Regulators at the SEC are sounding an alarm following suspicious trading activity that went down days before Sanofi’s $11.6 billion buyout of hemophilia drugmaker Bioverativ.
The agency has filed a lawsuit in the federal district court in Manhattan against one — or possibly many — unknown traders, alleging insider knowledge led to massive profits on the acquisition deal. The lawsuit seeks an order that would force Credit Suisse, the global bank that processed the trades through an account in Zurich, to disclose the names of the trader(s).
In the purchase that raised red flags for regulators, traders paid about $170,000 for options that earned them about $4.9 million after the acquisition announcement. That would be a 2,900% return in less than two weeks.
When Sanofi $SNY agreed to purchase Bioverativ $BIVV in the biggest biotech M&A deal so far in 2018, the smaller company’s stock price soared over 60% and its market cap climbed from $6.8 billion to over $11 billion.
Apparently, traders wanted to take advantage of those gains. The transactions in question were weird on a few levels. First, the traders bought call options that had a strike price between $65 and $70 per share. That’s an unusual move for a trader, because shares of Bioverativ had never closed above $64.12. Why buy call options at a premium?

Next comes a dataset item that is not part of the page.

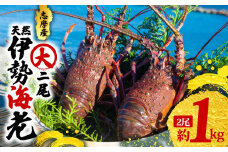 伊勢海老 大 2尾 1kg / 天然 志摩産 大 伊勢エビ 海老 エビ 人気 刺身 刺し身 味噌汁 海鮮 魚介類 産地直送 贈答 お歳暮 お祝い プレゼント 三重県 伊勢 志摩 50000円 5万円 五万円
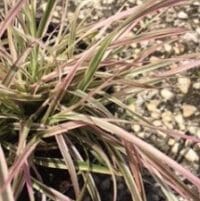 Grass, Pennisetum Cherry Sparkler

The other strange thing about this move was the call options had an expiration date of February 16, which means the buyers expected the share price to go up in a very short time. Last weird thing? The traders had never owned Bioverativ stock before.
Other than forcing Credit Suisse to cough up the defendants’ names, the SEC is seeking an order that would freeze the traders’ assets. They’re also asking that the traders hand over profits and pay fines.